__REQUIRED WORK__
Please provide the entries below again, word for word.

(Saved entries)
□ □ □ □
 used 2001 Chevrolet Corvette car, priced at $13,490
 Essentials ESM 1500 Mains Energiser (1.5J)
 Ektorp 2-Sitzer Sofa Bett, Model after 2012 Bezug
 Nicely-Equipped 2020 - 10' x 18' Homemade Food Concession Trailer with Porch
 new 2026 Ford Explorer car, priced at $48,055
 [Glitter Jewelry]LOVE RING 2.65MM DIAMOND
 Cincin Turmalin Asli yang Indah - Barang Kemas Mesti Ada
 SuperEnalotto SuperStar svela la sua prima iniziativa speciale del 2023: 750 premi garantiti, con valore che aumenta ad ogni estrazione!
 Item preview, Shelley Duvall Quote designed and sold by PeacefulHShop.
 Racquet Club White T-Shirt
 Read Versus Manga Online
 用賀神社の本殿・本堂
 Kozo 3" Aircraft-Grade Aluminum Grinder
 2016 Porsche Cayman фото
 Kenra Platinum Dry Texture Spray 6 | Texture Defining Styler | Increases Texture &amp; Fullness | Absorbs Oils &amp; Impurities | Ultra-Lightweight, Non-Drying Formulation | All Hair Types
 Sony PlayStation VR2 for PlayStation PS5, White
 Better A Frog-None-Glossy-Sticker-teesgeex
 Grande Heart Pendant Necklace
□ □ □ □
__THE ANSWER__
 used 2001 Chevrolet Corvette car, priced at $13,490
 Essentials ESM 1500 Mains Energiser (1.5J)
 Ektorp 2-Sitzer Sofa Bett, Model after 2012 Bezug
 Nicely-Equipped 2020 - 10' x 18' Homemade Food Concession Trailer with Porch
 new 2026 Ford Explorer car, priced at $48,055
 [Glitter Jewelry]LOVE RING 2.65MM DIAMOND
 Cincin Turmalin Asli yang Indah - Barang Kemas Mesti Ada
 SuperEnalotto SuperStar svela la sua prima iniziativa speciale del 2023: 750 premi garantiti, con valore che aumenta ad ogni estrazione!
 Item preview, Shelley Duvall Quote designed and sold by PeacefulHShop.
 Racquet Club White T-Shirt
 Read Versus Manga Online
 用賀神社の本殿・本堂
 Kozo 3" Aircraft-Grade Aluminum Grinder
 2016 Porsche Cayman фото
 Kenra Platinum Dry Texture Spray 6 | Texture Defining Styler | Increases Texture &amp; Fullness | Absorbs Oils &amp; Impurities | Ultra-Lightweight, Non-Drying Formulation | All Hair Types
 Sony PlayStation VR2 for PlayStation PS5, White
 Better A Frog-None-Glossy-Sticker-teesgeex
 Grande Heart Pendant Necklace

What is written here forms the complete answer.